I don’t know if you’re raising kids, but I get the education question several times a year. Hawaii’s public school system has an undeservedly bad reputation compared to Mainland schools. This reputation does not reflect the island’s multicultural and multilingual challenges of teaching youngsters how to read & write English (let alone pidgin). Our daughter did just fine in the local public schools (with plenty of Advanced Placement classes) and got into a top-ten engineering college. (USNA was her “safety” school.) Setting aside all of the media attention and political manipulation, I think the biggest factor in the school system is the parents. Your kids will acquire your values & priorities (and your study habits). When our daughter got to her Mainland college, she immediately noticed that her new classmates are keenly focused on academic achievement and perhaps less on work-life balance. I don’t care about getting into Harvard, and I’d rather attend a high school with competitive teams in canoe paddling & surfing.

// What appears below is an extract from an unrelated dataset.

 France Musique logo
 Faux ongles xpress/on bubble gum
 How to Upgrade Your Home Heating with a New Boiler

How hard could it be to lay a strip of asphalt on the ground where it never freezes?!?
Hawaii highways and streets are consistently ranked among the nation’s worst. Subsidence and potholes are particularly bad because the groundwater table is so high. In areas with frequent rain (like Hilo’s afternoon downpours) the water soaks into the road surface and causes the roadbed to move. Before long a pocket forms, the asphalt collapses, and potholes grow like tropical flowers. Winter downpours and hurricanes lead to flash floods which can take entire lanes or even bridges. The state is still seeking the magic mix of substrate (mostly concrete) and asphalt, but even those substances can be in short supply when they have to be shipped 2500 miles or recycled out of the existing road.
The Hilo area has relatively good roads, but the further you get from the population centers then the more likely you are to be driving on two-lane strips laid around agricultural plots. People (especially local residents) speed and occasionally wander over the center line. Accidents are surprisingly common. A few people who move here from the Mainland complain about not being able to drive for miles in a straight line at 80 MPH. Bumper stickers are common: “Drive with aloha.” “Slow down. This ain’t the Mainland.”

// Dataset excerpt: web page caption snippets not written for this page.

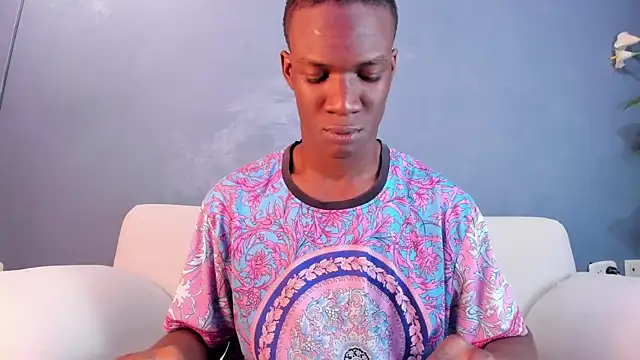 martin killer online show from 01.24.25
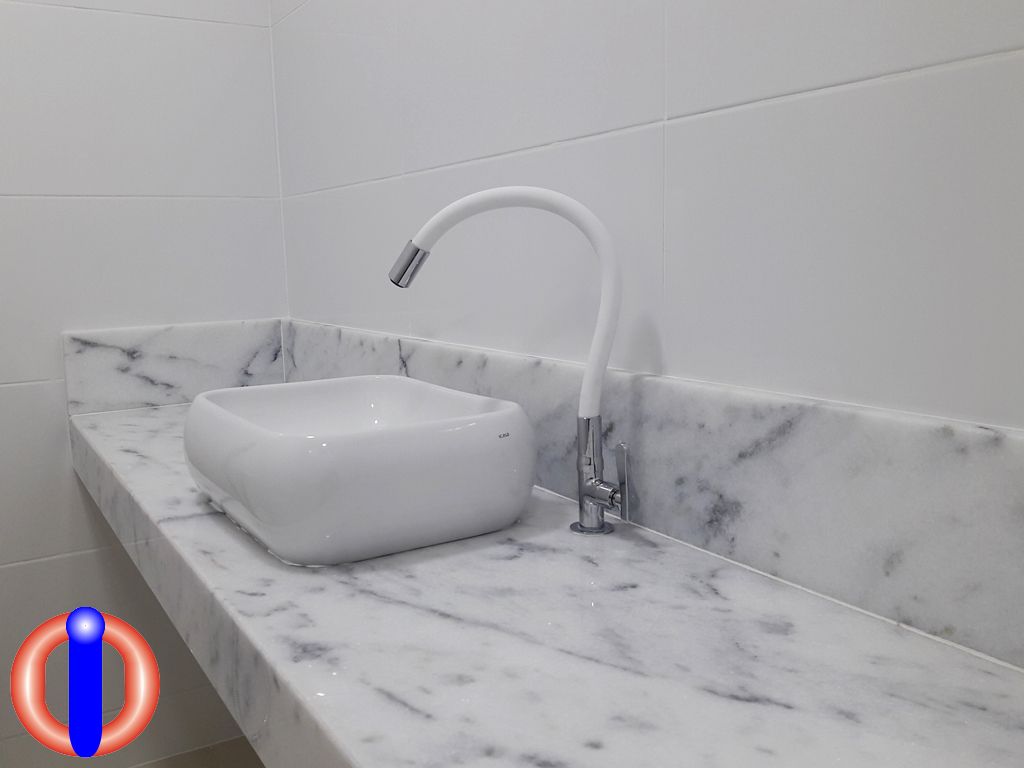 Apartamento, 3 quartos, 130 m² - Foto 51
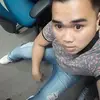 Hermes2986 - @hermeschris - TikTok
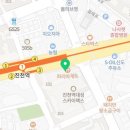 단헤어( Dan Hair) 이미지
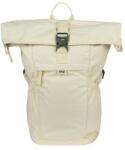 Baagl Roll hátizsák - Beige (A-34974) - iskolataskawebshop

Having said that, Hawaii has the world’s most polite drivers. I hardly ever see anyone cutting each other off. Vehicles neatly take turns when two lanes merge into one. It’s considered extremely rude to use your horn, unless you recognize a fellow driver and you’re giving a “howzit honk”.

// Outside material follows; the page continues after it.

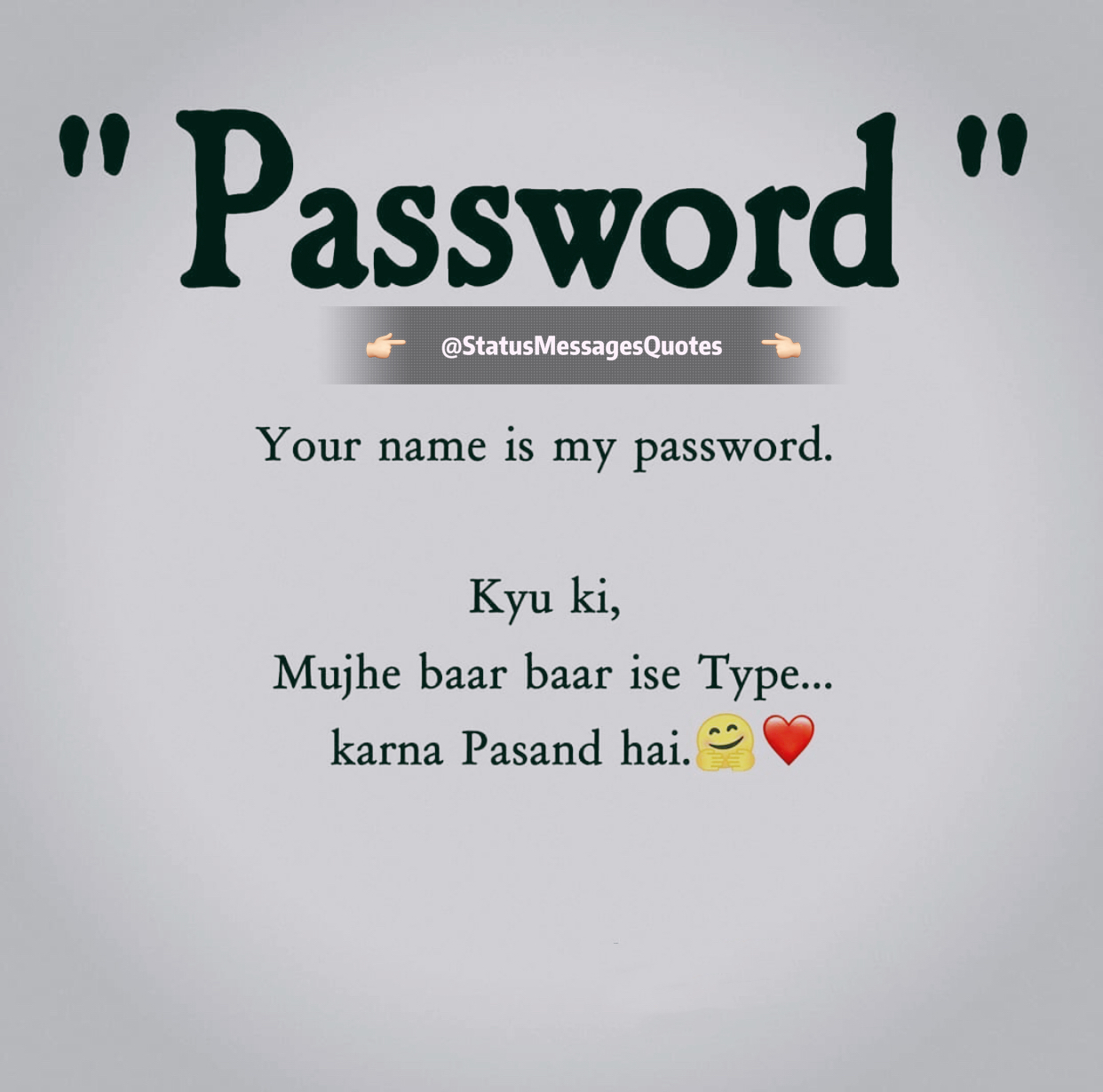 Best Pyaar Status Messages Quotes - Pictures Shayari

Here’s my anecdotal list of the major reasons people move back to the Mainland just a decade or two after moving here. I love Hawaii life, and I’m a globe-trotting submariner accustomed to the ocean and small spaces, so my perceptions may be biased:
- “Rock fever” of living in a geographically constrained area.
- Other than Honolulu/Waikiki, much of the state is small-town lifestyle.
- Honolulu is a small city. Los Angeles and San Francisco are the nearest big cities.
- Difficulty adjusting to a multicultural lifestyle, very different from your hometown.
- Lack of affordable housing for parents’ adult children.
- Young adults build their careers on the Mainland.
- Grandkids are on the Mainland.
- Aging elders and other relatives are on the Mainland.
- Mainland friends only visit a few times a decade.
- Flying to the Mainland 4-5 times a year gets old real fast.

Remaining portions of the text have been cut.